Where do you work and what is your current title?

I work at Shyp as a Senior Product Designer.

Please tell us a little bit about yourself & your background.

I’m originally from Russia. I graduated as Software Engineer and spent a few years building products. Eventually I got into design and never looked back since then. I also enjoy traveling & photography and I currently work on a project that involve both of these.

When did you first realize you wanted to be a designer?

I don’t think I can recall the exact moment but it was around the time the first iPhone came out. I thought to myself – wow, I want to design UI for this thing!

What was your first design job? Any interesting stories about how you broke into the field?

Funny enough, it was an application for translating strings into multiple languages – so it had a lot of table based UI. This might sound super boring for an aspiring designer and more exciting for an engineer, but I figured I can make it look and function the way it will valuable to the user. And I did. Since then I love designing all sorts of dashboards and internal tools that use data.

Please describe a normal day at your current job. What’s the workflow like? What are your primary responsibilities?
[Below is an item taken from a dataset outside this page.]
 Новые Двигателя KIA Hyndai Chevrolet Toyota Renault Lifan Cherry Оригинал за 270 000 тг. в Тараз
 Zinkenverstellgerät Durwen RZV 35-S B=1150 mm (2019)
I currently work at a startup so a lot of what I do is defining the product. I work closely with my team of PMs, Engineers, QA, Copywriters, Marketing, Ops to create one holistic experience for our users. I’m also responsible for defining the visual direction for our products and building style guides that will be used by designer and engineers when working on new features. I also drink a lot of coffee.

Are there any memorable war stories, client interactions or close calls that have taught you something important about how things work?
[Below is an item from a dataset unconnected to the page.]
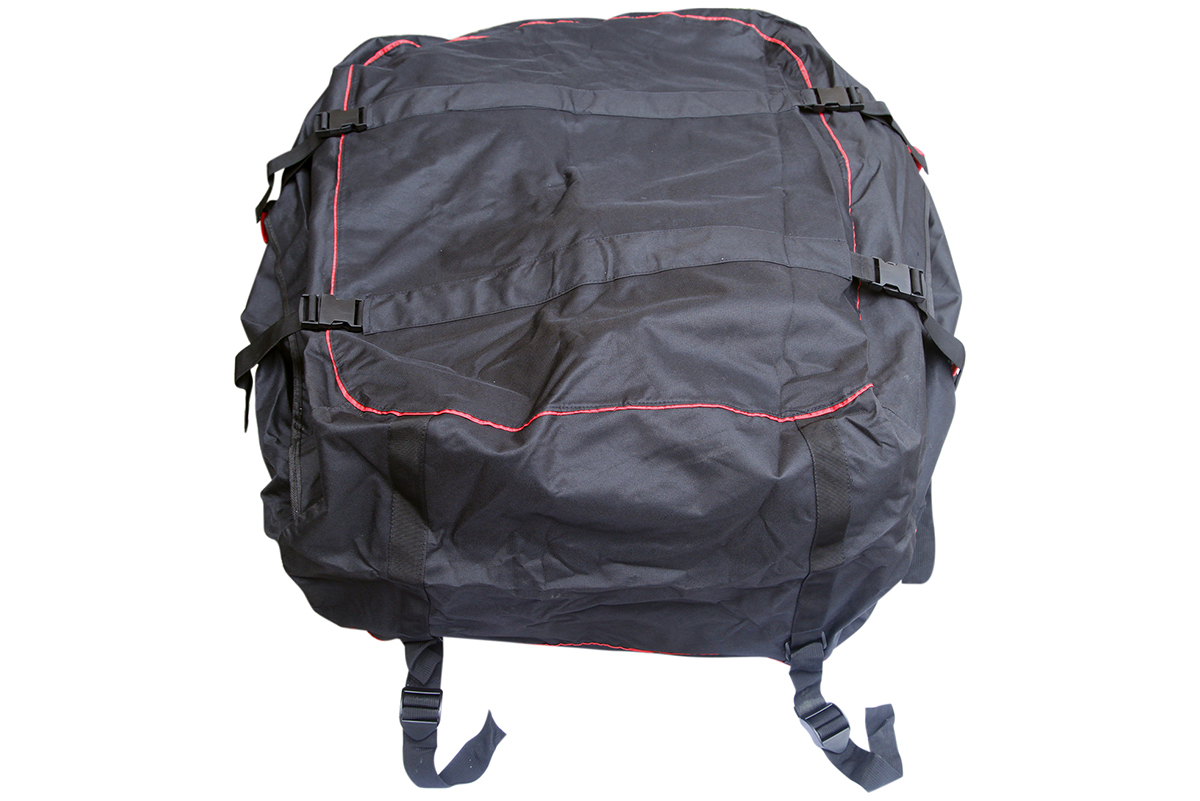 картинка Бокс РИФ на крышу мягкий (105x80x45 см)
Of course! One of my favorite moments is meeting John Maeda (while working at Twitter). One of the inspiring things he said was that the most exiting feeling is to do something other people are saying you can’t do. It stuck with me.

What’s a common mistake you often see entry level designers make? What are some tips to avoid or overcome it?

I think a lot of junior folks are trying to do too many things at once, not focusing on what’s important and not setting clear goals on what they want to achieve. It is too tempting to take on a million projects and try to prove to everybody (and yourself) that you can do it. But in my mind what is more important is to learn and in order to do this you need to focus. Focus is one of the most important skills a professional should possess.

Any industry sites or blogs you read on a regular basis, or anything else you read for inspiration?

Obviously, I keep up with Product Hunt, Medium and leading design blogs like Google Design, AirBnb design, etc. But I also suggest to diversify the reading list to keep things interesting.

There’s something new and amazing coming out every day. What’s something awesome you’ve seen recently that you’re dying to share, or something you’re excited about?

There are some big things coming up at Shyp – we’ve been working hard on a new product that is about to be launched! I was the lead designer on it and can’t wait to see it out in a wild especially since early feedback from user testing came back super positive.
I’m also super excited about my personal project I’m working on. It’s called Oak & Fog ( and I’m planning on launching it by the end of this year.

What advice would you give to someone trying to break into the industry?

Learn. The world is designed, either by humans or by nature and you can absorb this knowledge by looking around and analyzing why certain elements exist in the way they do.

What do you think is the future of your industry?

I believe it will be an essential part in defining on how people interact with each other, as well as our lifestyles. That’s why the role of digital design is extremely important. And a lot of this is on us, designers, is to define the future of it.